En ese sentido, el clutch es indispensable. Lo empujas con el pie izquierdo si vas a pasar a segunda, tercera, cuarta, quinta, e igual lo presionas cuando requieres el orden descendente. Conforme lo dominas, vences el arte de avanzar sobre el asfalto. De igual manera, sólo lo sueltas cuando aceleras, nunca se deben empujar el clutch y el acelerador a la vez si no se quiere estropear todo el sistema. Por ello, el embrague es la consciencia de manejar, es decir, es la pausa antes de actuar.
Para una persona impulsiva, como yo, el clutch es el recordatorio de tomarme unos segundos antes de actuar: no le escribas ese mensaje, no subas ese meme que es una indirecta en tus historias, no te tomes otra cerveza, no envíes ese ensayo que acabas de escribir sin antes presionar el embrague de tu mente; es una breve, pero efectiva reflexión sobre la prudencia. No es casual que los pedales de clutch y velocidad no puedan presionarse sincrónicamente; es una incompatibilidad epistémica, pues es imposible reflexionar y actuar simultáneamente, o al menos no lo recomendable.
Y, también, el clutch tiene la habilidad de dejar fluir el vehículo cuando va en neutral, como ahora, a la vez que mantiene el control del mismo: escribe el mensaje si te hace sentir mejor, sube el meme si quieres que esa persona te bloquee, toma otra cerveza y pide un Uber, envía el ensayo después de darle al menos una revisada.

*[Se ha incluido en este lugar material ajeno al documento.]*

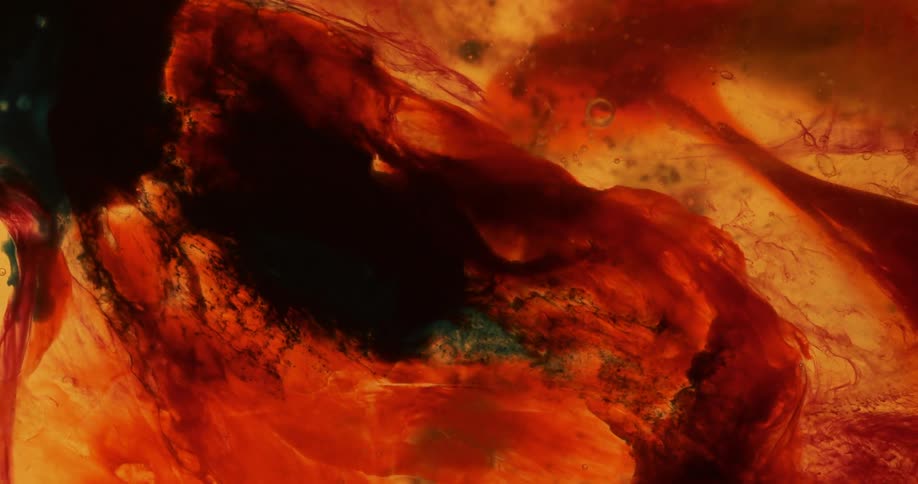 Orange yellow black and green colors move like liquid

En ese sentido, conducir un carro de transmisión manual bien podría tener la función de demostrar lo importante que son las pausas, pues en esos segundos en los que hay que recordar presionar el embrague antes de que se transmita la energía del motor a la caja de cambios y a las ruedas, activamos la conciencia sobre el acto mismo de la rapidez. ¿A dónde vamos siempre tan rápido?
Así, desciendo a buen ritmo, sintiendo la fuerza de la gravedad sobre la máquina, siento el suave deslizamiento, siempre con el pie sobre el clutch, por si de imprevisto requiero frenar o meter un cambio, o lo que es lo mismo: con el conocimiento pleno del placer del recorrido y de los posibles inconvenientes.